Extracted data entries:
____
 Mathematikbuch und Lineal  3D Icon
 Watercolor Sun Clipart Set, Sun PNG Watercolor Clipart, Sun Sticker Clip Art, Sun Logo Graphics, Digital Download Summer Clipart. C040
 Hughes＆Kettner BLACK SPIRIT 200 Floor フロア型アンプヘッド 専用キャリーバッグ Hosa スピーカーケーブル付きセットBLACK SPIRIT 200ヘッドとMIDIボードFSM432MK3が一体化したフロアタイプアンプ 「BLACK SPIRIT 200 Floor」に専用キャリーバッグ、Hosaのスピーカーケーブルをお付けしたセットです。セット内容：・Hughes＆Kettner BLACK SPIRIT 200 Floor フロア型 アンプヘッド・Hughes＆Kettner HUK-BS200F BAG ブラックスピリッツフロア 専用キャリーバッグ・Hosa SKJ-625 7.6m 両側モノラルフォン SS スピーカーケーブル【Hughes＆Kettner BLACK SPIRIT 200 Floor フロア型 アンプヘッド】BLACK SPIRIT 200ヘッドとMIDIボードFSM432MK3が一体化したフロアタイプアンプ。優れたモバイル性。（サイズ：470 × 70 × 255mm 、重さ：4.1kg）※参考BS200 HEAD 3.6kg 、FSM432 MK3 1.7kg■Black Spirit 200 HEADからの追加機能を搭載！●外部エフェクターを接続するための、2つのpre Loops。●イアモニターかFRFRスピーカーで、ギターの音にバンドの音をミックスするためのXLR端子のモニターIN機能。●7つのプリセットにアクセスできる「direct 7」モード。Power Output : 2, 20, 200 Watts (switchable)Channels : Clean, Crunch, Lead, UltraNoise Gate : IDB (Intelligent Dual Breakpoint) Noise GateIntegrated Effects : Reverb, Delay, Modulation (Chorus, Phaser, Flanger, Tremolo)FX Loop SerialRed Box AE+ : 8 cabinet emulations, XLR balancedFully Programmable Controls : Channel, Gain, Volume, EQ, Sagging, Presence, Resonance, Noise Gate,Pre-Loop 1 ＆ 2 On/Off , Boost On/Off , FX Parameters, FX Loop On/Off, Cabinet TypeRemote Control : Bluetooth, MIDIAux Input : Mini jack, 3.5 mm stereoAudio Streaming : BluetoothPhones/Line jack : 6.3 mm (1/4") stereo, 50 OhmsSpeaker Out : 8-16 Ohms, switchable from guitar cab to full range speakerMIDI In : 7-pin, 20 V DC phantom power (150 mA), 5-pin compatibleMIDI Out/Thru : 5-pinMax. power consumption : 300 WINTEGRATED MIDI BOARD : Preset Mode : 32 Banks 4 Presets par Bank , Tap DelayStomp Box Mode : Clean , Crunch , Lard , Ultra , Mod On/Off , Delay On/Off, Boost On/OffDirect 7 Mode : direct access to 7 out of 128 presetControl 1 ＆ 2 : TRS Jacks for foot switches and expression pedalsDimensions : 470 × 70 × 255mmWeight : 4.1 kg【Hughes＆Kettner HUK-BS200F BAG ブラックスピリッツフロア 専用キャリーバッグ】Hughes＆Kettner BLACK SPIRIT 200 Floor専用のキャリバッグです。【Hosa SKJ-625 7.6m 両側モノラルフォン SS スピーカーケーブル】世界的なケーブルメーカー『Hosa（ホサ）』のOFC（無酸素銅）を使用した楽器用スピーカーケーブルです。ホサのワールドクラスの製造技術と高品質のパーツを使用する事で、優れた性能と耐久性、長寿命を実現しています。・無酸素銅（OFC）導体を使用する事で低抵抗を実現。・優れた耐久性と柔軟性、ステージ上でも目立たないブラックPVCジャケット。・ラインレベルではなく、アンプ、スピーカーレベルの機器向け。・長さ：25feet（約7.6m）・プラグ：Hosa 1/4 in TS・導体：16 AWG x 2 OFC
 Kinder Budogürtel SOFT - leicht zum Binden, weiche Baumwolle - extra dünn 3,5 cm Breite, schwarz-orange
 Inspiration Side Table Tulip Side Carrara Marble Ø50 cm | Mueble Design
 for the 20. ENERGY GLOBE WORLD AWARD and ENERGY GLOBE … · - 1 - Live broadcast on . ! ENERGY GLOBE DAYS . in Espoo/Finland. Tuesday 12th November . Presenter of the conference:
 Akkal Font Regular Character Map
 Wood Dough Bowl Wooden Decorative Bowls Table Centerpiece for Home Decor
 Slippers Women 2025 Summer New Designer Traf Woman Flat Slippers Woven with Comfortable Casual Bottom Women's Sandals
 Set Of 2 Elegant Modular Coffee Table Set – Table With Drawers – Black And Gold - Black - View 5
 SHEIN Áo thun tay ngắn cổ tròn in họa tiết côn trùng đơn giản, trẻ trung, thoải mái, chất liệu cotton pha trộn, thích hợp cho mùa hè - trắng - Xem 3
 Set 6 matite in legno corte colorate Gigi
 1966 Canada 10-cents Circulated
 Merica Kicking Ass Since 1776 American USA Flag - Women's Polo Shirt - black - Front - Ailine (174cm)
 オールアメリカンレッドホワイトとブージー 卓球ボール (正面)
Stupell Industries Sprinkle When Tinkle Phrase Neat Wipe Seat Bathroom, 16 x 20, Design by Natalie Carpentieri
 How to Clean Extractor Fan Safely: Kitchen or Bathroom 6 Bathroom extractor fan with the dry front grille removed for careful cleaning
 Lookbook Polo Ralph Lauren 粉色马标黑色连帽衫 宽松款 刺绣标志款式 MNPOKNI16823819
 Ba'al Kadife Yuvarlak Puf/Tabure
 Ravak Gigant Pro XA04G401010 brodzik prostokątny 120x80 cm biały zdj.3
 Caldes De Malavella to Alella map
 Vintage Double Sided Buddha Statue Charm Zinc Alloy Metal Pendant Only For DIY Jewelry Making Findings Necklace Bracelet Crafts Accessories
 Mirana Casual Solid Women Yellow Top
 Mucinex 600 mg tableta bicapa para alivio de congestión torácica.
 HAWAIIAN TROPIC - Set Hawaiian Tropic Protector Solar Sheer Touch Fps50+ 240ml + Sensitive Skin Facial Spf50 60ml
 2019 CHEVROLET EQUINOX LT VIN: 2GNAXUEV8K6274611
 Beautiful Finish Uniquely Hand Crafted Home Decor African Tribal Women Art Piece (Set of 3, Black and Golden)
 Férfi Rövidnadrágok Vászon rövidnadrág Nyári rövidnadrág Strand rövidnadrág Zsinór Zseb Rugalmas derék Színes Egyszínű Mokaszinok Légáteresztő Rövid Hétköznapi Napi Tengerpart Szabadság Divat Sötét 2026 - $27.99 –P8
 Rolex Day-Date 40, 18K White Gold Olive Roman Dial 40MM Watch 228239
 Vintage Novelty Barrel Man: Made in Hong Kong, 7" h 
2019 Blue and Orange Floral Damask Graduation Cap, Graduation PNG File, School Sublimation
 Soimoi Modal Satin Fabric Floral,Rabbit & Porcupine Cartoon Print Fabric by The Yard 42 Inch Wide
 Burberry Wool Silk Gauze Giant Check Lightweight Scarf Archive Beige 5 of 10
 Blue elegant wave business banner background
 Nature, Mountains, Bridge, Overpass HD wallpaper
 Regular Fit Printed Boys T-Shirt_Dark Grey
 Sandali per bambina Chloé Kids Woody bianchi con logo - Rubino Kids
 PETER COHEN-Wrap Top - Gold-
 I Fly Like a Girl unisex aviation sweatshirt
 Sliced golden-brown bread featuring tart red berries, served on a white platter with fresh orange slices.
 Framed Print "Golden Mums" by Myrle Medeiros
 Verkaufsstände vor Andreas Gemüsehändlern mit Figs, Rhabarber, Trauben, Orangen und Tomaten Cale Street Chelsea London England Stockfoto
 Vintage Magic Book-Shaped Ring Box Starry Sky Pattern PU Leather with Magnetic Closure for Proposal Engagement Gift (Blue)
____
### ACTIVITY
Quote, with nothing altered, all lines from the start of the entries to the line that carries "Watercolor Sun Clipart", inclusive.

### EXPECTED ANSWER
 Mathematikbuch und Lineal  3D Icon
 Watercolor Sun Clipart Set, Sun PNG Watercolor Clipart, Sun Sticker Clip Art, Sun Logo Graphics, Digital Download Summer Clipart. C040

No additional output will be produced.